Sene 1989, aylardan Eylül’dü. Lisede benden bir dönem sonra okuyan, şimdi başarılı bir öğretmen olup pırıl pırıl gençler yetiştiren bir çocukluk arkadaşım da Gazi Üniversitesi’ni kazanıp Ankara’ya gelmişti.
Anadolu’dan üniversite okumak için büyük kentlere akın eden birçok genç gibi, arkadaşımın önünde de barınma sorunu vardı.
Bir yıl önce geldiğim ve benzer bir sorun yaşadığım için Ankara’yı bir nebze öğrenmiştim ve kalacak bir yer bulabilmesi için destek olmaya çalışıyordum.

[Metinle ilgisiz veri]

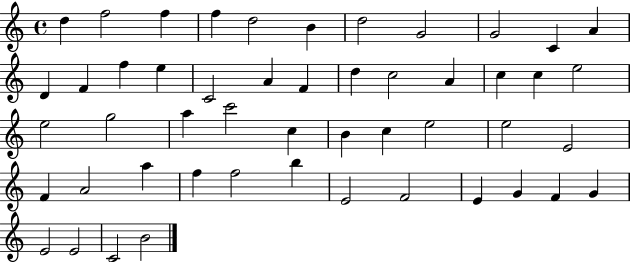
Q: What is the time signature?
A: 4/4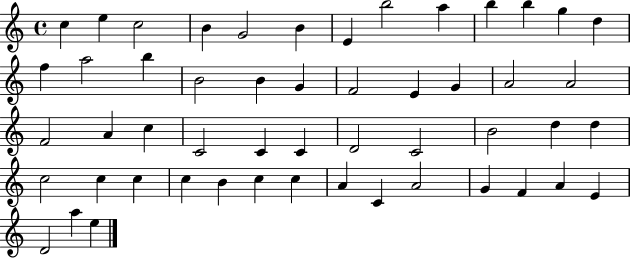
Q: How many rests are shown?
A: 0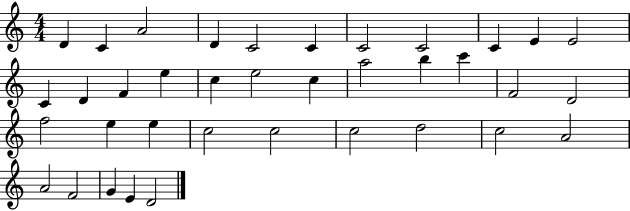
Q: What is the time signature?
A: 4/4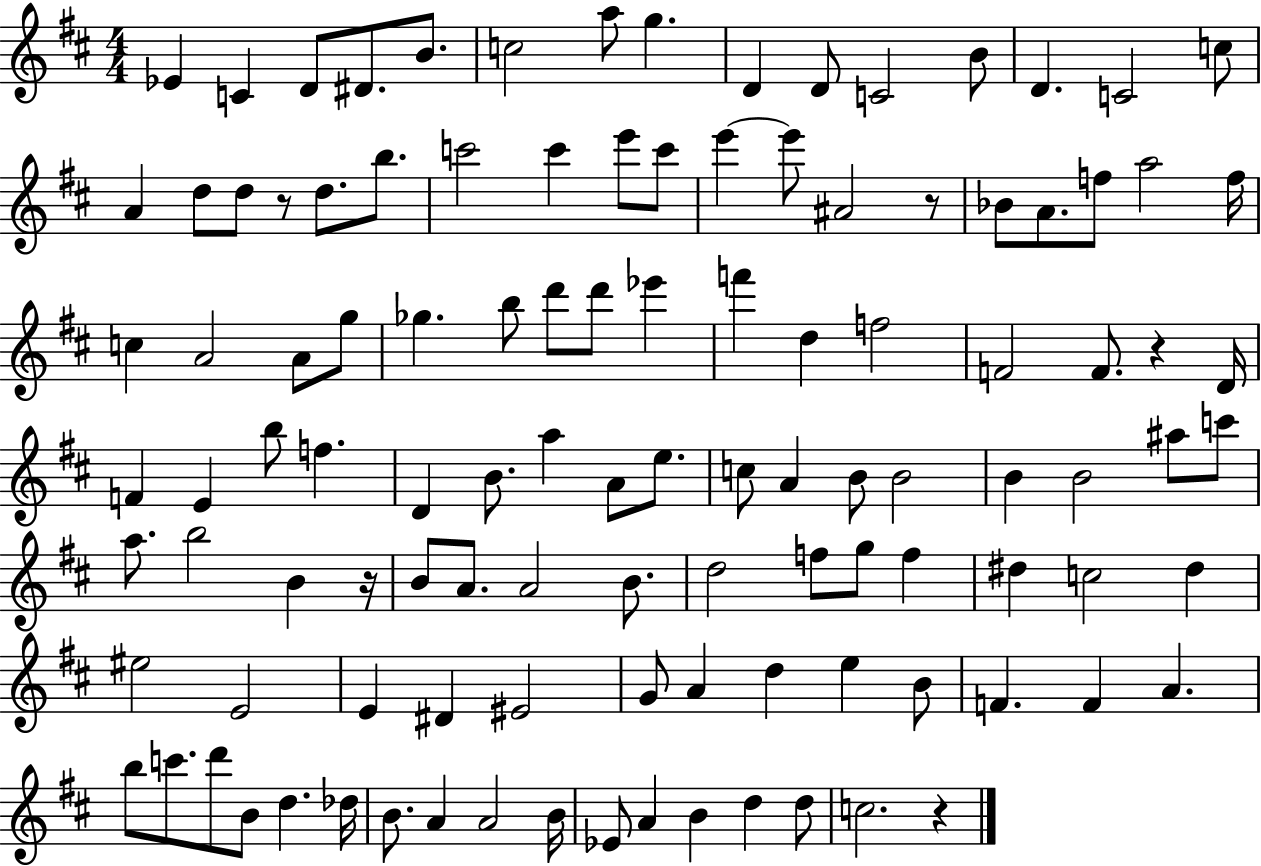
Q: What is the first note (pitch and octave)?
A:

“Arkadaşlarımızın öğrenci evlerinde birkaç gün misafir ettirmek”, “kaldığımız yurtlara kaçak olarak sokup, o sırada Ankara dışında bulunan arkadaşlarımızın yataklarını kullanmalarını sağlamak” geçici çözümlerimizdi.
O nedenle Kredi Yurtlar Kurumu’nun yurdu çıkana dek kalıcı bir çözüm bulmak şarttı.
Bu yüzden özel yurtlara bakmaya başladık.